● **What to work on**
Beginning with the line that holds "Extremely Rare and" and ending with the last line below, please copy every line exactly, add nothing, and leave out the pictures.

● **Input data**

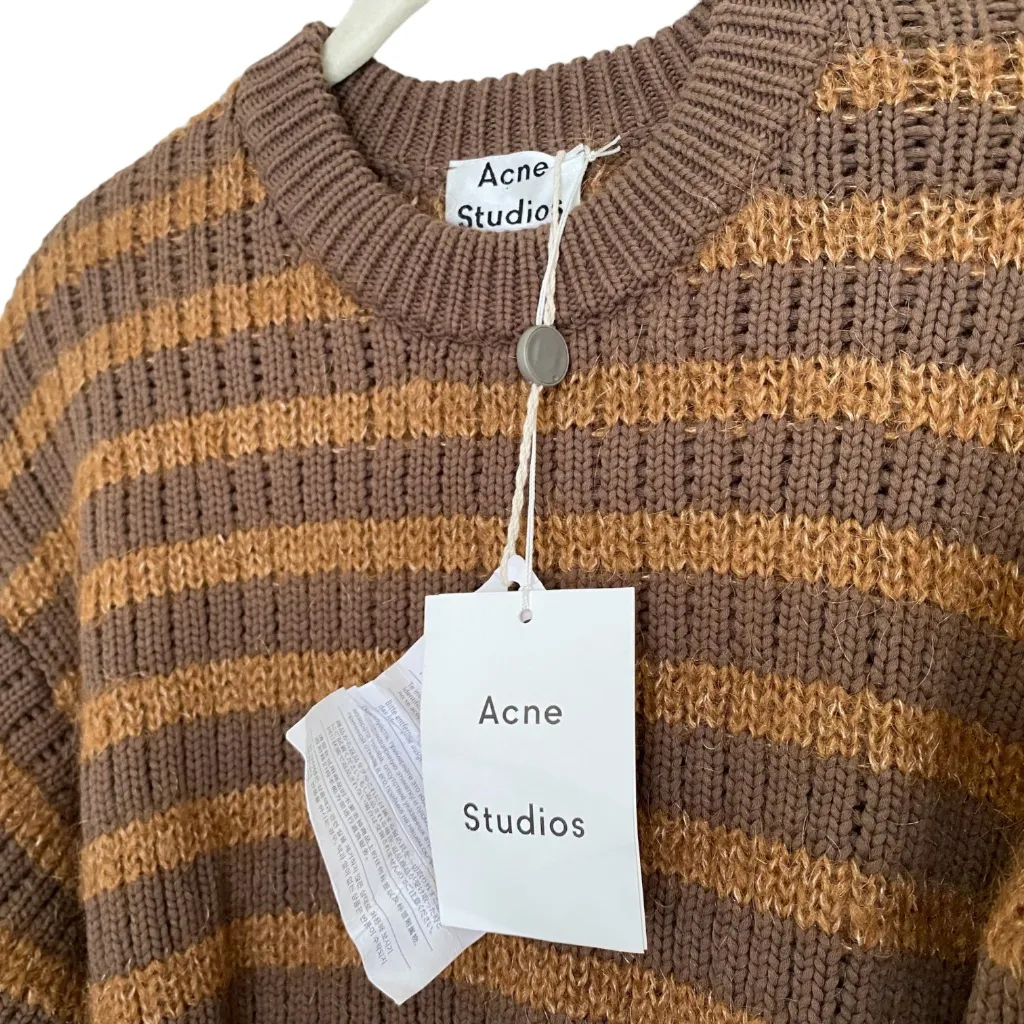 Acne Studios Ribbed Striped Sweater In Brown - Image 3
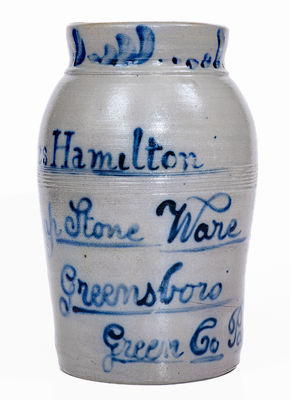 Extremely Rare and Important James Hamilton / Cheap Stoneware / Greensboro / Green Co / Pa Jar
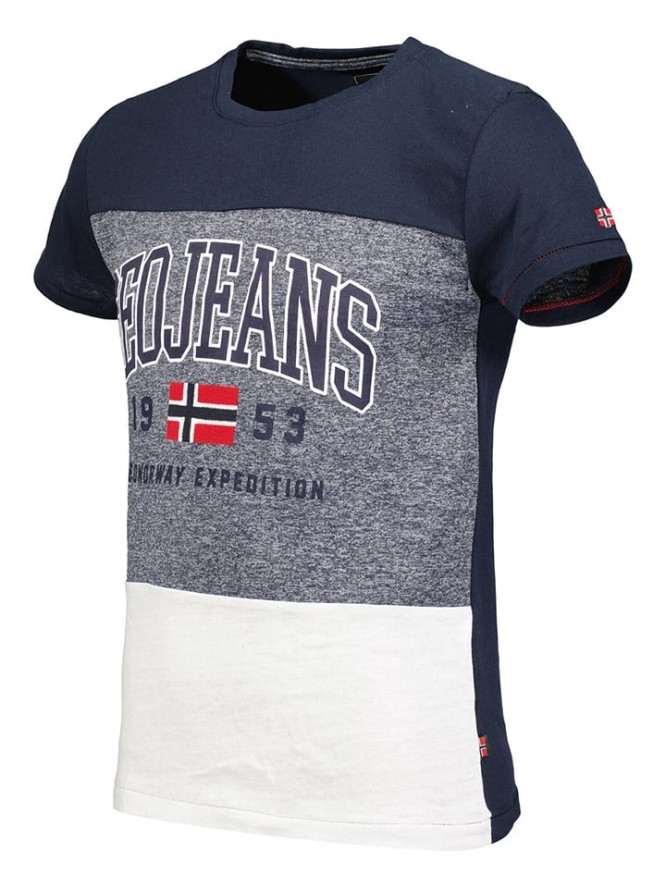 Geographical Norway Koszulka w kolorze granatowo-szarym rozmiar: L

● **Exercise output**
 Extremely Rare and Important James Hamilton / Cheap Stoneware / Greensboro / Green Co / Pa Jar
 Geographical Norway Koszulka w kolorze granatowo-szarym rozmiar: L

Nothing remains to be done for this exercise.